Knowledge and concepts in science rarely manifest themselves in an obvious type of setting, and as such, students require opportunities to engage with physical, practical activities that allow for direct experience and manipulation with objects, both real and virtual. Teachers must provide experiential evidence while making the cultural tools and conventions of the science community available to students. The challenge is how to achieve this successfully within the round of normal classroom life.

According to Driver et al. (1994), scientific concepts are constructs that have been invented and imposed on phenomena in attempts to interpret and explain them, often as results of considerable intellectual struggles. Once scientific knowledge has been constructed and agreed on within the scientific community, it becomes part of the “taken for granted” way of seeing things within that community. These entities, concepts and practices are unlikely to be discovered by individuals through their own observations of the natural world (Driver et al., 1994). From this, scientific knowledge becomes public knowledge that is constructed and communicated through the culture and social institutions of science.

Through group interactions, students are exposed to the stimulus of differing perspectives on science and mathematical topics which then provides opportunities for individual reflection.

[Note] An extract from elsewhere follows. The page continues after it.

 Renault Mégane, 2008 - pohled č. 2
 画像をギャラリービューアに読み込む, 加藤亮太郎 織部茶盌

In this learning environment, the teacher’s role is to provide the physical experiences and encourage student reflection while providing affordances for students to gain an exposure to the ideas and the practice of the scientific community in order to personalize and engage with scientific and mathematical ideas and practices at an individual level.

Referencing student opportunities at the Exploratorium, Hsi (2008) states that technology can be used to provide extended learning opportunities to link a museum learning experience to further learning activity taking place in other settings, and through this, some exhibits make use of feedback systems and video conferencing to enable visitors to discuss in real time with another visitor in a remotely located museum. Hsi (2008) notes the use of technology tools to track and record allow for creative connection between the real world and virtual environments. Within these contexts, technology can be leveraged to encourage inventiveness, creativity and ownership using tools as a medium for constructive activity and learning (Hsi, 2008). Individual learners can access and be apprenticed in authentic science practices through participating in truly global investigations. One example is the Great Backyard Bird Count, sponsored through the Cornell Lab of Ornithology, which permits distributed communities to contribute data and information to be discussed and compiled online.

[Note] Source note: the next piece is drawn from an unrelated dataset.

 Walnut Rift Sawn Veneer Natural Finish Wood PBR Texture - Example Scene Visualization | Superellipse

Regarding off-site learning opportunities, it is important to recognize and acknowledge the perception that virtual reality and virtual field trips are important; however, these activities should not be utilized as a replacement for real field work and traditional field courses (Spicer & Stratford, 2001). Within environments where it is neither possible nor safe to take students, virtual field trips offer an opportunity to engage in activities at locations that would simply not be possible otherwise. As a component of student learning experiences, virtual field trips hold significant potential and value, bearing in mind that these experiences should not be implemented with the intention of discrediting the value of real field activities and opportunities.

 

References

Driver, R., Asoko, H., Leach, J., Scott, P., & Mortimer, E. (1994). Constructing scientific knowledge in the classroom. Educational researcher, 23(7), 5-12.

Hsi, S. (2008). Information technologies for informal learning in museums and out-of-school settings. International handbook of information technology in primary and secondary education, 20(9), 891-899.

Spicer, J. & Stratford J. (2001). Student perceptions of a virtual reality field trip to replace a real field trip. Journal of Computer Assisted Learning, 17, 345-354.